A semejanza de otras sociedades agrarias, el repertorio alimentario mojanero es dinámico, sin embargo, la estructura cotidiana se basa en una tríada de productos locales: arroz, liga y bastimento o vitualla. El arroz es el centro del plato y eje del hábito alimentario regional; pobres y ricos lo consumen hasta tres veces al día; incluso hay quienes prefieren no comer si no hay arroz en el plato, porque “sin arroz no hay Dios”. Este alimento rendidor, de fácil almacenamiento y suave digestión tiene variados usos culinarios en preparaciones sólidas y líquidas, de dulce y de sal: sopas, arroces de varios tipos, bollos, arepas, dulces y chichas. Un plato “pobre pero sabroso” es el arroz con queso, con suero o con vinagre. Por su centralidad en el sistema agroalimentario y la cocina regional, el arroz es emblemático de la relación corporizada con la comida.

La liga es la proteína animal, fuente de fuerza y energía que incluye carne de origen doméstico o silvestre, pescado, queso, suero y huevo. Los peces y carnes silvestres, vistos por algunas élites como “comidas de pobre”, han sido claves en la seguridad y diversificación alimentaria de campesinos, pescadores y habitantes urbanos sin tierra. Plátano, yuca, ñame, ahuyama, batata y maíz componen el bastimento o la vitualla. Ingredientes como ajo, ají dulce, pimentón, cebolla y hierbas aromáticas son la base de la sazón “criolla costeña”.
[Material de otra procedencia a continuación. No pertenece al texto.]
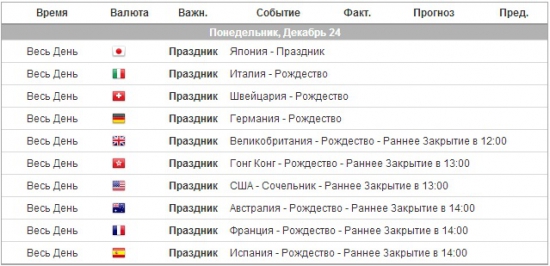 e-mini S&P 500 . Ориентиры работы на понедельник .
Comida se define como el alimento cocinado, de sal y fresco, es decir, preparado el mismo día pero no crudo ni congelado. El gusto por lo fresco y lo cocido se debe en parte a la falta de refrigeración y la necesidad de prevenir la rápida descomposición de los alimentos, aunque la salazón ha sido una forma de conservación de pescados, carnes y lácteos. El consumo de una porción abundante y en un horario regular se considera fundamental para la nutrición, pues al decir de la gente local, “comer bien no es jactarse ni comer de lujo, es que dé energía para el trabajo”. La composición del plato y la frecuencia de la ingesta varían según la disponibilidad alimentaria, la estacionalidad, la actividad que se esté realizando y el ingreso.

El consumo de alimentos limpios y sin químicos alude a la ausencia de insumos químicos y a la calidad deseable de la comida. Este principio de calidad se asocia con la comida criolla que, al igual que en otras regiones del país, se refiere a la comida y la cocina locales27. Como lo señaló un agricultor entrevistado:

El arroz criollo es necesario para la alimentación, sin el arroz el trabajador no tiene fuerza, no va más. Un ejemplo de buena comida es el arroz criollo, el huevo criollo, la leche fresca. Esta es comida buena, fresca, limpia, criolla, natural.
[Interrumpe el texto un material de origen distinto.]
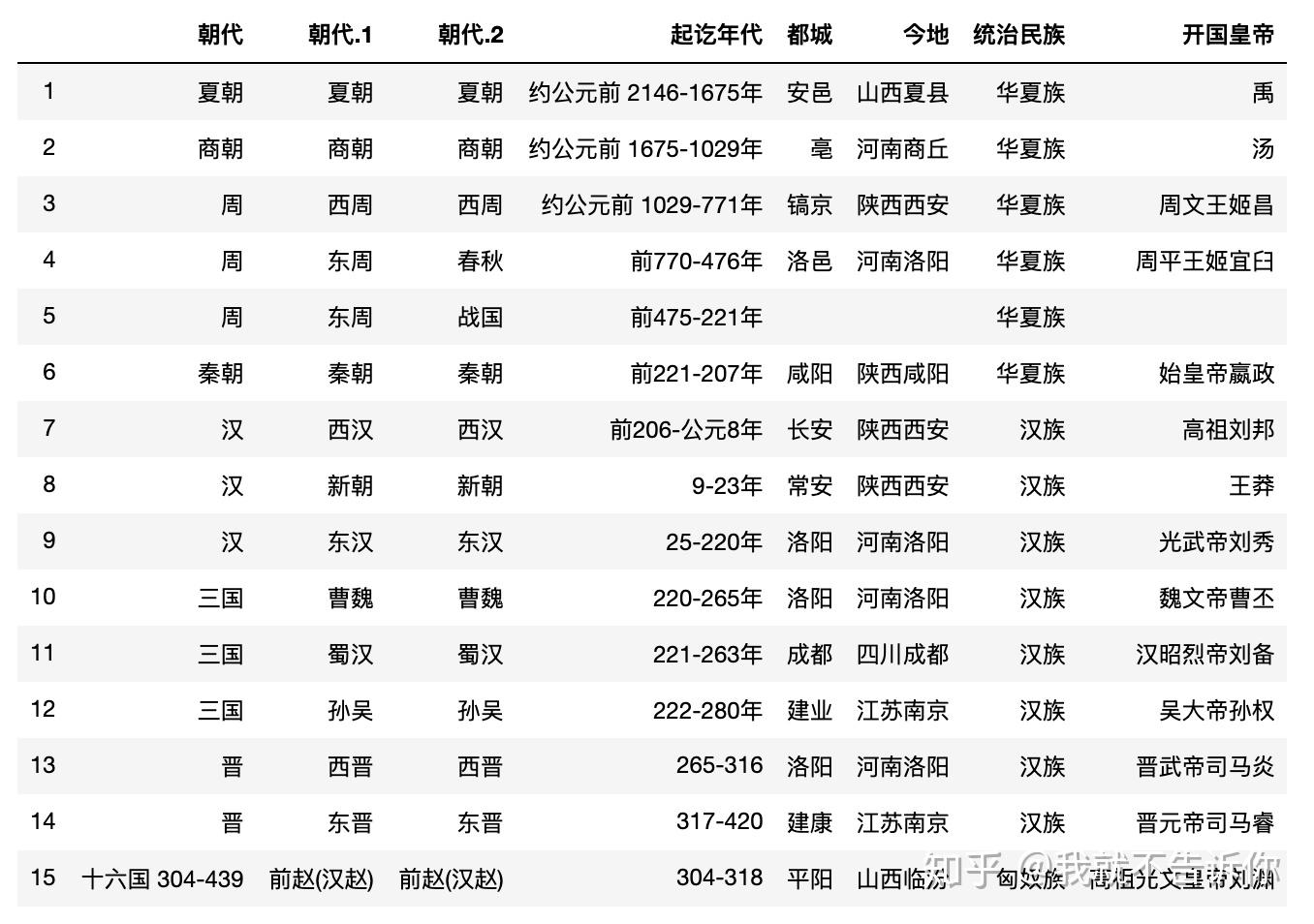 歷史朝代順序表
Los productos criollos, locales o regionales, con los cuales hay mayor familiaridad, permiten una suerte de trazabilidad con respecto al origen, las condiciones de producción, su frescura y sabor, así su producción no siempre sea orgánica.

Los arroces criollos son variedades introducidas a La Mojana desde hace varias generaciones por los agricultores y adaptadas a las condiciones locales. Se estima que allí existen cerca de 80 variedades derivadas de dos subespecies: japónica (77 %) e índica (23 %), con características particulares en el aspecto físico, el comportamiento vegetativo, el sabor y el costo, lo que hace de la región un centro de diversidad arrocera (Corpoica-INAT 2012). En las tierras altas predominan las variedades de secano, conocidas como finos, y en las tierras bajas inundables se cultivan las de agua, conocidas como chiles, chilimicos, chombos o arroces de los pobres. Las familias de menores recursos y los pequeños agricultores los cultivan en parcelas de entre 0 y 2 ha. Si bien algunas variedades crecen más lentamente y la productividad es menor, son apetecidas y valoradas al ser “más fuertes, resistentes a las plagas, y más pesados porque el grano tiene más leche”, ventaja importante a la hora de pesar el costal en los molinos donde se imponen el precio y las condiciones de compra28.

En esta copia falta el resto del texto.